The company also highlighted expanded access to capital, supported by what management described as a triple-B investment grade rating from Kroll KBRA, and said year-end liquidity increased to $271 million when including revolver “upsides” and equity raising activity completed early in the first quarter.

Fourth-quarter and full-year results; 2026 AFFO outlook

Chief Financial Officer Steve Bakke reported adjusted funds from operations (AFFO) per share of $0.33 for the fourth quarter of 2025, bringing full-year 2025 AFFO per share to $1.32. Bakke said the full-year result was at the high end of the company’s most recent guidance and represented 13.8% growth for the year.

Key 2025 operational metrics cited on the call included:

  • Acquisitions of $123.1 million for the year, slightly above the company’s December guidance.
  • Full-year cash general and administrative expense (cash G&A) of $10.9 million, slightly better than the midpoint of guidance.
  • Cash G&A as a share of revenue declining by nearly 130 basis points, which management attributed to scale efficiencies.
  • Same-store cash net operating income (NOI) performance of 8.9% in 2025.

For 2026, the company provided AFFO per share guidance of $1.39 to $1.41, which Bakke said implies 6.1% growth at the midpoint and is above the company’s average annual growth rate since 2020 of 5.8% per year.

Management’s 2026 guidance assumptions included acquisitions of $115 million to $125 million, same-store cash NOI growth of 6.0% to 7.0%, and cash G&A of $11.5 million to $12.5 million. For the first quarter, the company expects recurring capital expenditures of approximately $125,000 to $200,000. Guidance also includes about half a cent per share of dilutive impact from forward equity under the treasury stock method, as the stock price is above the net price of outstanding forwards, Bakke said.

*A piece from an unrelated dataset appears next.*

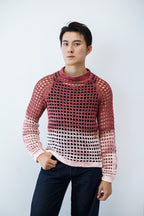 Man wearing a lace crochet sweater against a plain background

Capital markets activity and leverage target update

Postal Realty Trust outlined funding activity across 2025 and early 2026. Bakke said the company raised $55 million in 2025 via its at-the-market program and OP unit issuance, added $40 million in term loans, borrowed on its revolver, and used retained cash flow to fund acquisitions.

For 2026, management said it has “fully funded the entirety” of its acquisition guidance at the high end on a “leverage neutral basis” through equity and debt raises and growing retained free cash flow. In 2026 year-to-date, the company has raised $44 million of equity at an average gross price of $17.67 per share, including $36 million sold on a forward basis at a gross price of $17.88 per share. Bakke said the forward ATM allows the company to match share issuance with future acquisition closings.

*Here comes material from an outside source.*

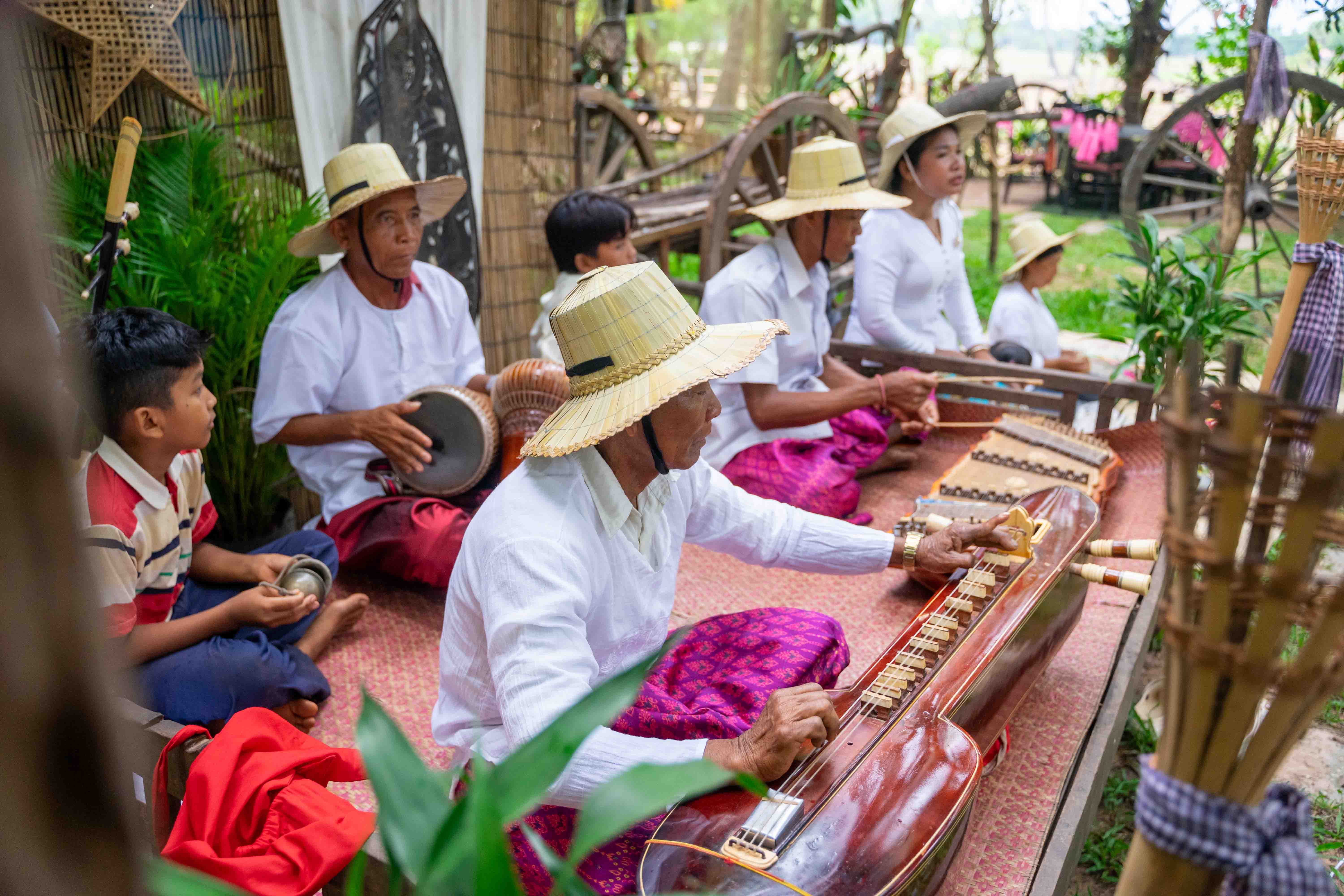 Traditional Khmer musicians performing outdoors in Preah Dak community, Siem Reap countryside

On the debt side, the company closed on $115 million of new revolving credit facility commitments on Feb. 20 and added Scotiabank as a new lender. Bakke said the added liquidity strengthens the balance sheet and supports growth.

Postal Realty Trust ended 2025 with net debt to annualized adjusted EBITDA of 5.2x, or 4.6x after giving effect to unsettled forward equity. Management also updated its leverage target, with Bakke saying the company now targets net debt to adjusted EBITDA “below 6x,” reduced from a prior target of below 7x. At year-end, the balance sheet was 89% fixed-rate debt and 91% unsecured debt, with $113 million of liquidity that rises to about $270 million including capital raised in the first quarter, according to Bakke.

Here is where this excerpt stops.